È il suo modo di pensare che non ha uguali, un intrigo di luci, ombre, odore salmastro di mare, verde tenerissimo di montagna, che non procede secondo una logica classica: una sequenza di considerazioni con una premessa, un corpo centrale, una conclusione e i riferimenti e accostamenti, nitidi e nei momenti opportuni.

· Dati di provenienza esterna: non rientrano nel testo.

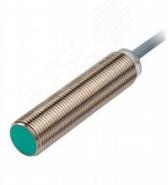 Датчик индуктивный NBB4-12GM50-E2 (800734) - артикул 800734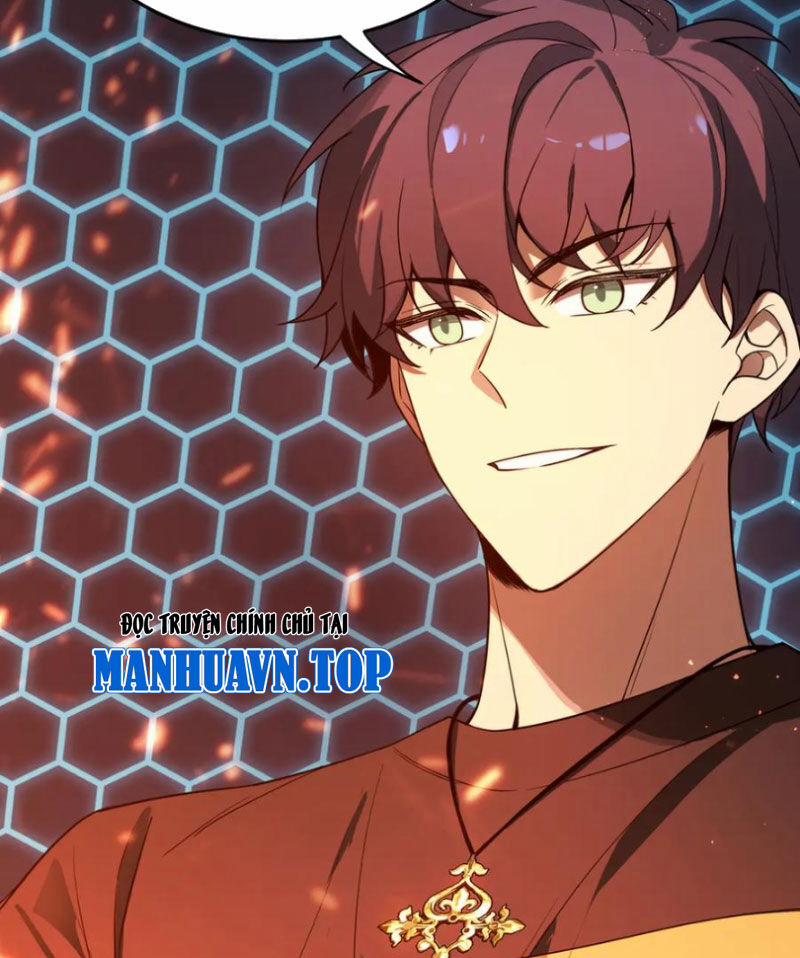 Thánh Hiệp Sĩ Cấp Sss 40 trang 48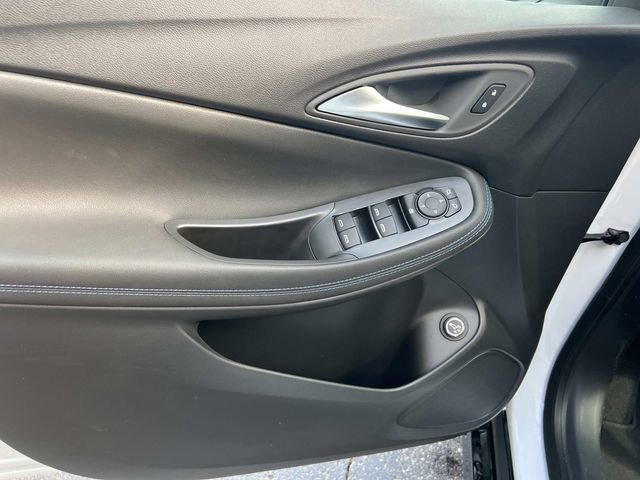 2026 Buick Encore GX Sport Touring - Photo 14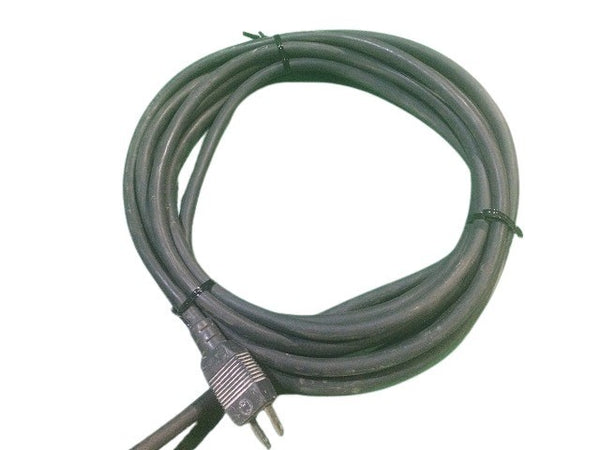☆中古品☆makita マキタ 100V 216mm 8型 卓上マルノコ LS0820 卓上切断機 卓上丸ノコ 卓上丸のこ 卓上丸鋸 木工用 押切り機112429 - 10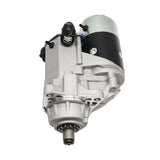 Starter For 2003-2006 Dodge Ram 2500 3500 L6 5.9T 17892N 5086932AA 4090084 17892 – product image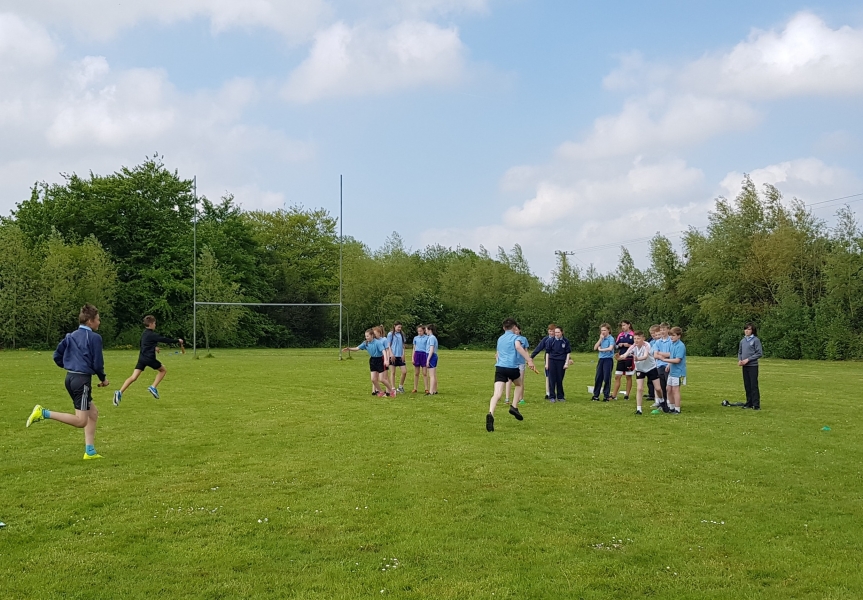 Sports Day May 2017 (46)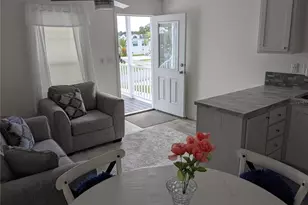 10354 Smooth Water Dr, Hudson, FL 34667 - Photo 10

Il suo è un pensiero che saltella, che è curioso e svia verso una stradina secondaria, ma se tu sai il suo intendimento e conosci le cose di riferimento, tu le capisci senza che egli nomini i punti di contatto e di rimando tra la microstoria locale e la grande storia. Le cose te le fa intuire, nel pudore di non nominare persone e fatti, per evitare che possa egli essere visto come uno che giudica o che dà a te la possibilità di emettere una sentenza. Gli altri, compresi i dotti, hanno un percorso lineare nel ragionamento, altri girano sempre su sé stessi, dopo magari delle premesse brillanti scadendo in conclusioni banali irretendo logica e intelligenza. Sono come il percorso che fa l’asino nel girare la macina nel mulino, passi identici e circolari e paraocchi, mai un sussulto, un volo di fantasia, una trasgressione o un’intuizione. O come avveniva nel passato ai ragazzini che giocavano con il rocchetto di legno, a cui era immesso dentro un elastico, che si caricava, girandolo più volte con un legno, che stava sopra un pezzo di sapone che serviva per far scorrere con regolarità il rocchetto; camminava sì, il cosiddetto carrarmato, con intacchi sul rocchetto per salire anche asperità, ma aveva sempre l’identica direzione.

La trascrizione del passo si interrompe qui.